▶ _Task brief_
Starting at the line that contains "Stinger SPX8 snow", output each line through the end of the data exactly, and nothing more.

[Records from a data collection]
== == ==

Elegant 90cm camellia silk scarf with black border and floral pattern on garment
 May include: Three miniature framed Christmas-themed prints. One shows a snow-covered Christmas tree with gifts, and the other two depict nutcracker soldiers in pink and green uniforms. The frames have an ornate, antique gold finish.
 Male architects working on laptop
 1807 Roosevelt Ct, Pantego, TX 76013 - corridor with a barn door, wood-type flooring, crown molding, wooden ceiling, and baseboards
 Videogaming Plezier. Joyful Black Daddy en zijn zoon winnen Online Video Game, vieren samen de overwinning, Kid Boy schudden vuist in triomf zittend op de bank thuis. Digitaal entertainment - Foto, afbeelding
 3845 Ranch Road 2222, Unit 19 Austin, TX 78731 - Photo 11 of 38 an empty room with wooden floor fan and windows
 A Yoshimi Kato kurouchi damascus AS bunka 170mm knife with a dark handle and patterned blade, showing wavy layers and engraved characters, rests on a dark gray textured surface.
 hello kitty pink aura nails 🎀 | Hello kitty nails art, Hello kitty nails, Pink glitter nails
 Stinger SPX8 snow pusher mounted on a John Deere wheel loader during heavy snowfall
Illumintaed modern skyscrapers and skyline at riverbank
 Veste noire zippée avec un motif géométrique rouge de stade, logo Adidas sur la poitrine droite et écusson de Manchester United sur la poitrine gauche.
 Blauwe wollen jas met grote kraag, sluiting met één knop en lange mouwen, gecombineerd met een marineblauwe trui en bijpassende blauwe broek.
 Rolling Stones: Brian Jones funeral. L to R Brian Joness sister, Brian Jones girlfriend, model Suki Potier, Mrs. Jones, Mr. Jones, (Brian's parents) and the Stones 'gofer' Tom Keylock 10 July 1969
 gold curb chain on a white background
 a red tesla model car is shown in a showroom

== == ==

▶ _Task result_
 Stinger SPX8 snow pusher mounted on a John Deere wheel loader during heavy snowfall
Illumintaed modern skyscrapers and skyline at riverbank
 Veste noire zippée avec un motif géométrique rouge de stade, logo Adidas sur la poitrine droite et écusson de Manchester United sur la poitrine gauche.
 Blauwe wollen jas met grote kraag, sluiting met één knop en lange mouwen, gecombineerd met een marineblauwe trui en bijpassende blauwe broek.
 Rolling Stones: Brian Jones funeral. L to R Brian Joness sister, Brian Jones girlfriend, model Suki Potier, Mrs. Jones, Mr. Jones, (Brian's parents) and the Stones 'gofer' Tom Keylock 10 July 1969
 gold curb chain on a white background
 a red tesla model car is shown in a showroom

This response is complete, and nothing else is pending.